Cette BD trouve son originalité dan une double approche. Julie Birmant devient une intervieweuse d’époque, procédé lui permettant de rencontrer à St Paul de Vence, Matisse ou Max Jacob à Montmartre. Un subterfuge qui rend l’histoire vivante, simple et compréhensive. Par ailleurs, au delà du binôme archi connu Braque-Picasso, de la place essentielle dans la naissance du mouvement de Cézanne et de Matisse, l’ouvrage met en lumière des personnages moins attendus mais aussi instructifs. En dehors des marchands d’art dont l’audace et la clairvoyance seront essentielles, comme Ambroise Vollard ou Daniel-Henry Kahnweiler, une belle place est ainsi faite à des collectionneurs tel Wilhelm Uhde ou à des comparses de tous les jours : le Père Soulié, lutteur de foire, matelassier de métier qui vend sur le trottoir des toiles du Douanier Rousseau. Ou encore le Frère Sagot, brocanteur qui vendra le premier Picasso à Serguei Chtchoukine.

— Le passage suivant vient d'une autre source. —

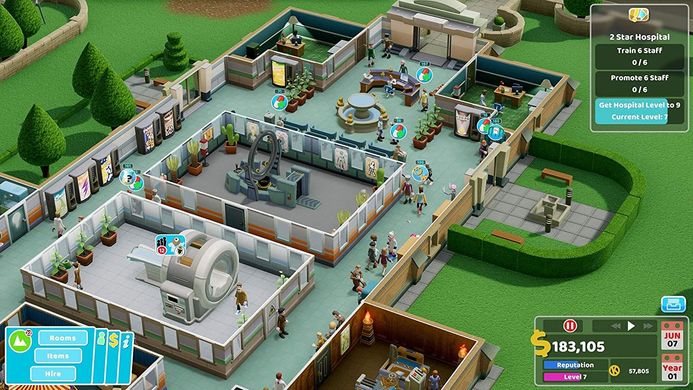 Гра для PS4 Two Point Hospital [PS4, російські субтитри]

Les mouvements picturaux ne sont pas que des constructions intellectuelles élaborées dans des cercles intellectuels restreints. Ils sont aussi tributaires d’un marché, de presse, de ventes, de passeurs. Les Aventuriers du Cubisme un siècle plus tard rappellent combien l’évidence d’aujourd’hui était hier un combat et une incertitude. Même si le cubisme défini ainsi par le critique Louis Vauxcelles ne dessine aucun cube.
Il n’y a pas de cubes dans le cubisme ! Au mieux quelques maisons rectangulaires à Horta ou à l’Estaque !
Un paradoxe réjouissant pour une BD réjouissante. Et intelligente.
BD Les Aventuriers du Cubisme. Scénario : Julie Birmant. Dessins : Pierre Fouillet. Éditions Centre Pompidou et Steinkis. 110 pages. 18€.
EXPOSITION LE CUBISME
17 octobre 2018 – 25 février 2019
Le Centre Pompidou propose une traversée inédite et un panorama complet de l’un des mouvements fondateurs de l’histoire de l’art moderne : le cubisme (1907-1917).
Grâce à un parcours qui éclaire pour le grand public les concepts clés, les outils et les procédures qui ont assuré l’unité du cubisme, l’exposition met en lumière le caractère expérimental et collectif de ce mouvement dont l’esthétique révolutionnaire est à la fois la matrice et le langage même de la modernité.
Commissaires : Mnam/Cci, B. Léal, A. Coulondre, C. Briend.